Monday, June 4, 2018

Homily for May 27, 2018 (Holy Trinity Sunday)

Click here to Listen to the Homily


I get asked a lot of questions, but not the kind that you would think. Rarely does anyone ask me what happened at the Council of Ephesus in 431 or what happened at the Finance council meeting a few weeks ago. Most of the questions are pretty simple. “Does it bother you to have to wear the same thing every day? Are you ever allowed to wear regular clothes?” My favorite of these types of questions begins, “Since you only work on weekends, what do you do during the rest of the week?” But sometimes the questions are a little more pointed. Sometimes they are a little more personal. “Are you ever lonely? Do you ever feel isolated?” Those are more than questions of history or clothing. Those are questions you can’t run from too easily. Those are questions that we all have an answer to. And those are questions that we all have to answer.

Adam was alone in the Garden, but then the Lord gave him some animals to name. But Adam still felt like he was alone in the Garden, and the Lord created Eve. And at last Adam wasn’t alone.

But when Eve was alone in the Garden, the serpent came to tempt her. When King David was alone in the palace and he gazed on the rooftop of his neighbor, he embraced temptation and sin. When the Lord Jesus was alone in the desert and later in the garden, the devil came to tempt him. Temptation often finds us in isolation and loneliness.

We weren’t created for isolation and loneliness. We certainly experience them. We certainly suffer from them. Sometimes the people who were supposed to be there with us are the ones who place us in isolation and loneliness. The ones who were supposed to gather us are the ones who separate us. We experience it. We suffer from it. We fight against it. We weren’t created for isolation and loneliness. We were created for something else. We were created for something better.

God was not alone when we were created. We are not the result of the Lord God looking for company. We were not created as the answer to the question if God was lonely and isolated. From all eternity, the Father, the Son and the Holy Spirit have lived in perfect harmony, perfect blessedness, and perfect communion. Nothing is needed. Nothing is lacking. There is no loneliness. There is no isolation. Only love. And from this love, and for this love, we were created. Not needed, but wanted. Not needed, but loved. Not needed, but desired.

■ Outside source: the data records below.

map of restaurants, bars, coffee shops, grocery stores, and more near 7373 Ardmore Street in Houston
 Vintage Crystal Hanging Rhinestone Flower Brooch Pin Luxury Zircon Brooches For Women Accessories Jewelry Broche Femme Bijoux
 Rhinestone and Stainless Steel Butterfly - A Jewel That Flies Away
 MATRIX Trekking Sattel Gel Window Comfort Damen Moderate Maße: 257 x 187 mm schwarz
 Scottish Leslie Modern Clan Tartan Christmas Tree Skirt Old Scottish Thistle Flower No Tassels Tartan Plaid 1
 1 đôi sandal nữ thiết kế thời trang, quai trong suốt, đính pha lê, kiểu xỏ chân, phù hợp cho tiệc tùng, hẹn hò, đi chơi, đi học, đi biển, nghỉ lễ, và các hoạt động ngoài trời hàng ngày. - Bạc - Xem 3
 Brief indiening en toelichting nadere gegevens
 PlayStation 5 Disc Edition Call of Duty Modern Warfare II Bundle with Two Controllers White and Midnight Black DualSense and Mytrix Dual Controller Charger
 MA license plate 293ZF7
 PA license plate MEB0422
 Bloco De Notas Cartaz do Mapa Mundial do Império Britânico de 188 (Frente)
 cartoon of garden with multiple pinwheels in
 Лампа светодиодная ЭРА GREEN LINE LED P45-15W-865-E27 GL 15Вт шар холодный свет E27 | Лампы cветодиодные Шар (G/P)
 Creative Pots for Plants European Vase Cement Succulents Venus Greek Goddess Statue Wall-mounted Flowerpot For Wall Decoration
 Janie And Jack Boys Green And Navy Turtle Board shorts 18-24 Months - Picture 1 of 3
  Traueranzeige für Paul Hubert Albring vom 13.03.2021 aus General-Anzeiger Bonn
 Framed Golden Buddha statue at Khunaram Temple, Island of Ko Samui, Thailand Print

God created us for communion, with him, and with creation, and with each other. The tragedy of sin, the echo of the No of Adam and Eve, fractures that communion. It damages those relationships. It leaves us, at times, in isolation and loneliness. But the triumph of grace, the echo of the Yes of Mary, the ever present reality of the Yes of the Lord Jesus, the continual Yes of the Church to her Lord, my Yes and yours, draws us, bit by bit and day by day, and moment by moment, into the communion for which we were created. The Lord Jesus, who conquered sin and death by the blood of his cross, desires to conquer our loneliness and our isolation.

As he draws us now into the mystery of the Eucharist, into that Holy Communion where the choirs of Angels and the Citizens of Heaven above sing in exultation, we admit our need. We admit our loneliness and our isolation. We cast the brokenness of our hearts into the fires of his Sacred Heart. And he will say to you and he will say to me, as he said to Peter, and Andrew, and Matthew and John, “Come, Follow Me” and the Lord Jesus will lead us into that perfect Communion where he lives and reigns with the Father and the Holy Spirit, one God forever and ever. Amen.